Keep Feeding Regular Food
The old advice to stick with the BRAT diet (bananas, rice, applesauce, toast) is outdated. Current guidelines from the NIH and major pediatric organizations recommend continuing your child’s normal diet during diarrhea. Children who keep eating recover faster and avoid the nutritional setback that comes from days of restricted intake. A 3-year-old with diarrhea should be offered nutrient-dense foods they’re already familiar with, at least every 3 to 4 hours, and as much as they’re willing to eat.
Good options include scrambled eggs, chicken, rice, pasta, bread, bananas, cooked vegetables, yogurt, and oatmeal. There’s no need to eliminate dairy unless your child clearly seems worse after consuming it. Yogurt in particular can be helpful because it contains live cultures. Avoid foods high in simple sugars (sweetened cereals, candy, popsicles made with juice) for the same osmotic reason that sugary drinks are problematic.
One detail parents often miss: even after the diarrhea stops, your child should eat a little extra for several days. The gut needs time to recover its full absorptive capacity, and nutrient deficits from the illness persist after symptoms resolve.
Skip the Anti-Diarrheal Medication
Common over-the-counter anti-diarrheal drugs are not appropriate for a 3-year-old. Loperamide (the active ingredient in Imodium) is technically FDA-approved for children over 2, but a systematic review of clinical trials found that all serious adverse events from loperamide, including dangerous intestinal paralysis and severe lethargy, occurred exclusively in children younger than 3. The risks outweigh any benefit at this age, especially if your child is dehydrated or has bloody stool.
Bismuth subsalicylate (Pepto-Bismol) is not recommended for children under 12 due to the risk of salicylate toxicity. In short, no pink liquid and no anti-diarrheal tablets for your toddler.

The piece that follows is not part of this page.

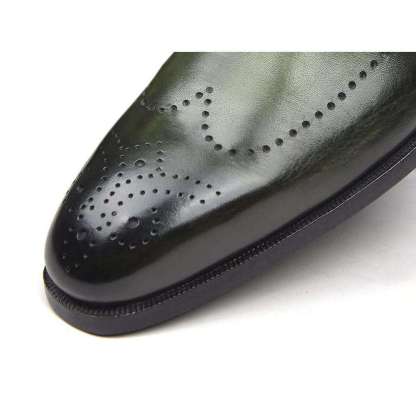 Hand-painted Green Patina Brogue Monk Strap Shoes-Colinshoes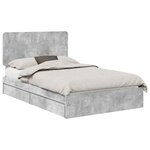 vidaXL Lit de Rangement Gris béton 135 x 190 cm Bois d'ingénierie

Probiotics as a Supplement
Two specific probiotic strains have enough clinical evidence to be recommended alongside oral rehydration for children with acute diarrhea: Lactobacillus rhamnosus GG (often labeled LGG) and Saccharomyces boulardii. Both are available over the counter in child-friendly formulations.
LGG is given at a dose of at least 10 billion colony-forming units (CFU) per day for 5 to 7 days. Saccharomyces boulardii is given at 250 to 750 mg per day for the same duration. These won’t stop diarrhea immediately, but evidence suggests they can shorten the duration by roughly a day and reduce stool frequency. Check the product label for CFU count and strain name, as not all children’s probiotics contain these specific strains at effective doses.
How Long Diarrhea Typically Lasts
Most viral gastroenteritis in children runs its course in 5 to 7 days. Vomiting, if present, usually stops within the first day or two, while loose stools can linger longer. Diarrhea lasting 14 days or more suggests a different cause, such as a parasitic infection, which accounts for less than 5% of cases but requires different treatment.
Signs That Need Medical Attention
Keep an eye on hydration status throughout the illness. The clearest warning signs of dehydration in a toddler are:
- No wet diapers for three hours or more
- No tears when crying
- Dry mouth and lips
- Sunken eyes or cheeks
- Skin that stays pinched when you gently pinch and release the back of their hand
- Unusual sleepiness or irritability
You should also call your child’s doctor if the diarrhea has lasted more than 24 hours without improvement, if there’s blood or black coloring in the stool, if your child can’t keep any fluids down, or if they develop a fever of 102°F or higher. Bloody stool in particular can signal a bacterial infection that needs specific treatment rather than just supportive care.